Personal information
- Full name: Peter John Lowe
- Born: 7 January 1935 Sutton Coldfield, Warwickshire, England
- Died: 4 August 1988 (aged 53) Avon Gorge, Bristol, England
- Batting: Right-handed
- Role: Wicket-keeper

Domestic team information
- 1964: Warwickshire

Career statistics
| Competition | First-class |
| Matches | 1 |
| Runs scored | – |
| Batting average | – |
| 100s/50s | –/– |
| Top score | – |
| Balls bowled | – |
| Wickets | – |
| Bowling average | – |
| 5 wickets in innings | – |
| 10 wickets in match | – |
| Best bowling | – |
| Catches/stumpings | 2/– |
- Source: Cricinfo, 22 December 2011

= Peter Lowe (cricketer) =

English cricketer

Peter John Lowe (7 January 1935 - 4 August 1988) was an English cricketer.

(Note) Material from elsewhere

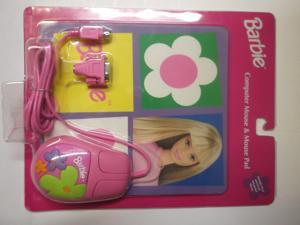 Barbie Computer Mouse and Mouse Pad Barbie Computer Mouse and Mouse Pad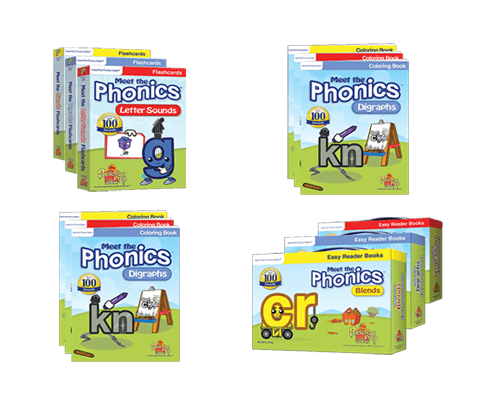EYFS/ Preschool/ Toddler/ SEN Phonics Reading Bundle x 4 Packs Flashcards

Lowe was a right-handed batsman who fielded as a wicket-keeper. He was born at Sutton Coldfield, Warwickshire.

Lowe made a single first-class appearance for Warwickshire against Oxford University at Edgbaston in 1964. He was not required to bat in this match, while behind the stumps he took 2 catches. These was his only major appearance for Warwickshire.

He died at Avon Gorge, Bristol on 4 August 1988.